● **Task prompt**
Copy down every line of the data that follows exactly. Omit the pictures.

● **Raw data**
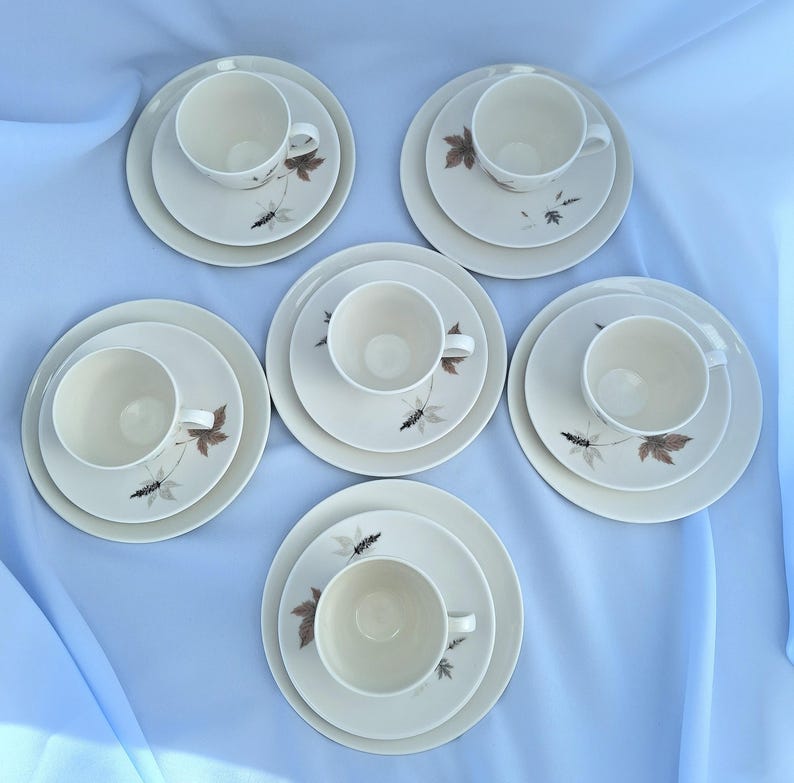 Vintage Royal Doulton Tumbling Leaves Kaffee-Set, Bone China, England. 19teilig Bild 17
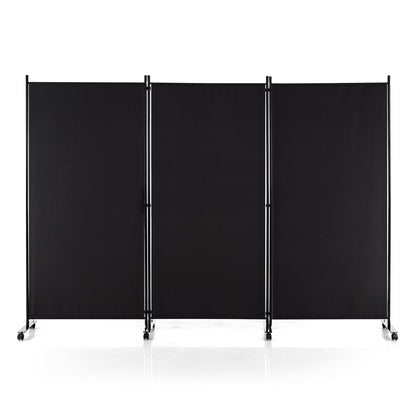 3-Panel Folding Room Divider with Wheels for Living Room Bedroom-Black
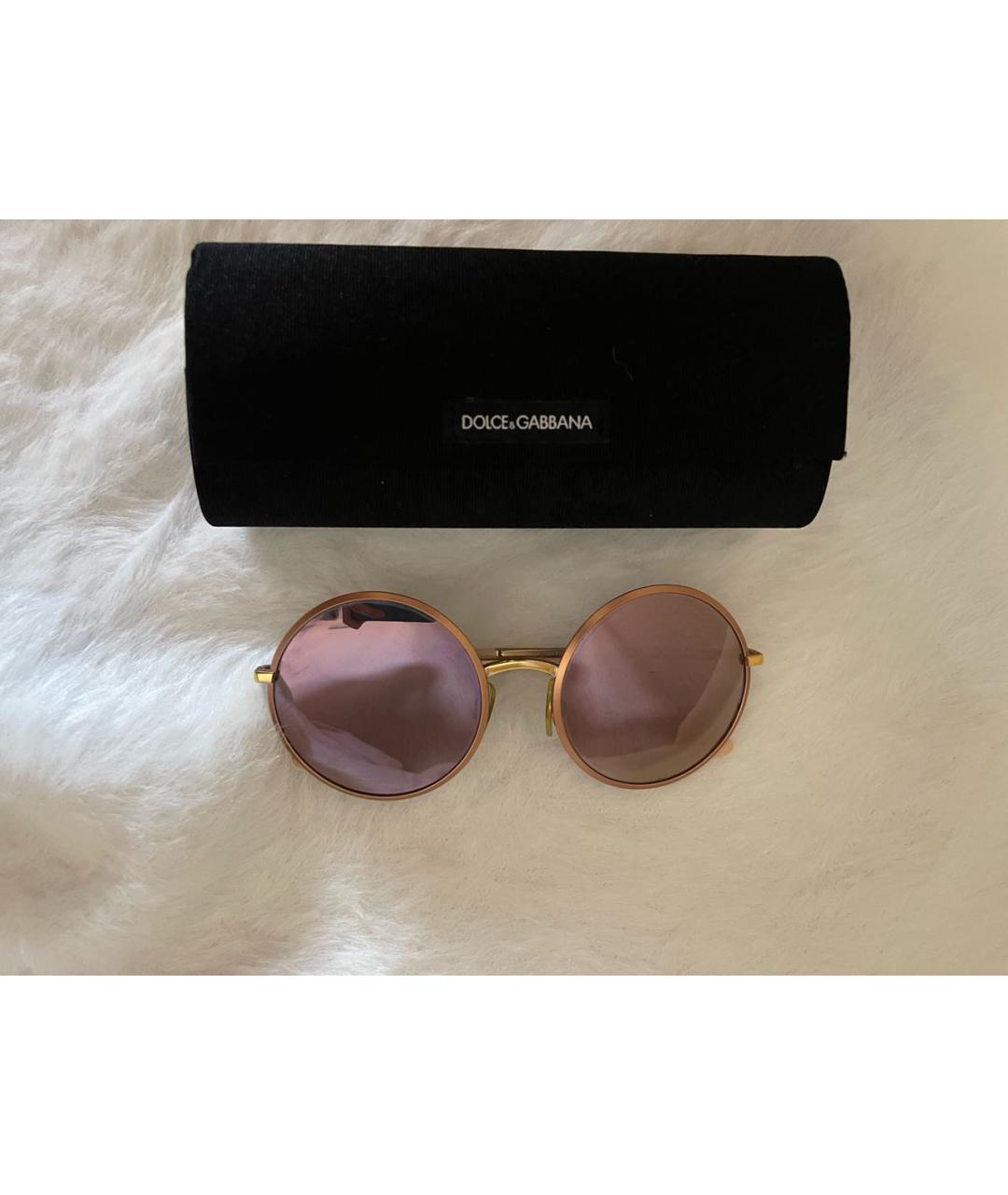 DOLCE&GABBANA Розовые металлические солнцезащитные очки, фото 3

● **Solved exercise**
 Vintage Royal Doulton Tumbling Leaves Kaffee-Set, Bone China, England. 19teilig Bild 17
 3-Panel Folding Room Divider with Wheels for Living Room Bedroom-Black
 DOLCE&GABBANA Розовые металлические солнцезащитные очки, фото 3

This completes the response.